Haben Schwerkranke Anspruch auf Betäubungsmittel zur Selbsttötung?

(DAV). Die Möglichkeiten zur Selbsttötung schwerkranker Menschen werden intensiv diskutiert. Auch die Politik beschäftigt sich damit. Die Gesetzeslage gibt wenig Spielraum, trotz verfassungsrechtlicher Bedenken im Hinblick auf das absolute Verbot. Das hat bereits das Bundesverwaltungsgericht (BVerfG) auf den Plan gerufen, welches vorsichtige Öffnungen erlaubt.

Aber die Rechtssetzung ist dem Gesetzgeber vorbehalten. Darauf wies das Verwaltungsgericht Köln am 24.11.2020 (AZ: 7 K 8560/18 und weitere) ausdrücklich hin. Demnach haben schwerkranke Menschen nach derzeitiger Rechtslage keinen Anspruch auf den Zugang zu einem Betäubungsmittel zur Selbsttötung. Allerdings hat auch das Gericht Zweifel an der Rechtslage. Es verweist aber auf die Möglichkeit von Sterbehilfeorganisationen, informiert die Arbeitsgemeinschaft Medizinrecht des Deutschen Anwaltvereins (DAV).

Möglichkeiten zur Selbsttötung Schwerkranker?

Die Kläger sind dauerhaft schwer krank (Multiple Sklerose, Krebs, schweres psychisches Leiden). Beim Bundesinstitut für Arzneimittel und Medizinprodukte (BfArM) beantragen sie die nach dem Betäubungsmittelgesetz notwendige Erlaubnis für den Erwerb des Betäubungsmittels Natriumpentobarbital. Dabei beriefen sie sich auf das aus dem Grundgesetz abzuleitende Grundrecht auf Selbstbestimmung über den eigenen Tod.

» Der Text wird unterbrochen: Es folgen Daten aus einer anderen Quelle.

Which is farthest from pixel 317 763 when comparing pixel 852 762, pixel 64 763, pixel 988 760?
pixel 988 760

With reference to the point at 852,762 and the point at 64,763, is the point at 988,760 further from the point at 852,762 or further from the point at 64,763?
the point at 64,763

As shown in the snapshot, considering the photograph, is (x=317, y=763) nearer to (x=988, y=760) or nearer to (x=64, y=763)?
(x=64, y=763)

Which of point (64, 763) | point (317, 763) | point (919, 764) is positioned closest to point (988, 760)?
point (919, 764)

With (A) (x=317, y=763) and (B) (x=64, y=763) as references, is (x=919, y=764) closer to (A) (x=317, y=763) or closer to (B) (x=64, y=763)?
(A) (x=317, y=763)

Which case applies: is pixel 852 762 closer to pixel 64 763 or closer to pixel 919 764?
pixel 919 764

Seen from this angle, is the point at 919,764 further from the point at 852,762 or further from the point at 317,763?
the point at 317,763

Des Weiteren auf eine Entscheidung des Bundesverwaltungsgerichts (AZ: 3 C 19.15). Demnach ist der Erwerb eines Betäubungsmittels zur Selbsttötung mit dem Betäubungsmittelgesetz unter bestimmten Umständen vereinbar. Der Suizidwillige muss sich aber wegen einer schweren und unheilbaren Erkrankung in einer extremen Notlage befinden. Das BfArM lehnte die Anträge ab.

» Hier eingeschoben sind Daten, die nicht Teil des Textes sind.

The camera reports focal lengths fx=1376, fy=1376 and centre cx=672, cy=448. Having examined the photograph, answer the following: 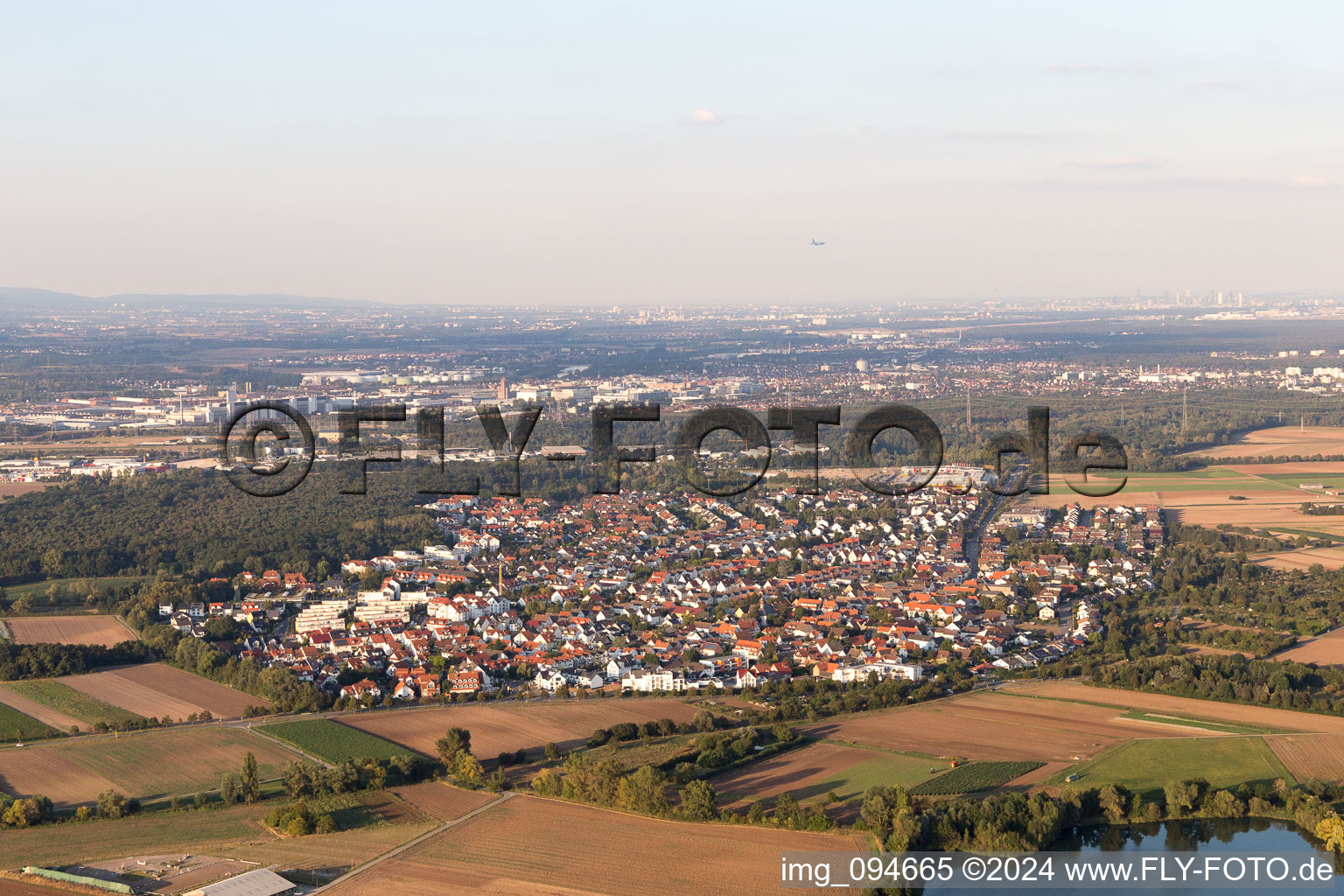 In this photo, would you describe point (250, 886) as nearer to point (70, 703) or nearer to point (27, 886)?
point (27, 886)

Nach einer ersten Verhandlung hatte das Verwaltungsgericht die Verfahren dem BVerfG vorgelegt, weil es die bestehende Rechtslage für verfassungswidrig hielt. Das BVerfG hatte die Vorlagen verworfen.

Die Klagen scheitern.

Kein Anspruch auf Betäubungsmittel für Suizidwillige

Das Verwaltungsgericht sah – anders als das BVerwG – aufgrund des klar erkennbaren Willens des Gesetzgebers auch in Ausnahmefällen keine Möglichkeit, den Erwerb eines Mittels zur Selbsttötung zu erlauben. Es hielt es aber auch für zweifelhaft, ob dieses im Betäubungsmittelgesetz enthaltene generelle Verbot mit dem Grundgesetz vereinbar ist.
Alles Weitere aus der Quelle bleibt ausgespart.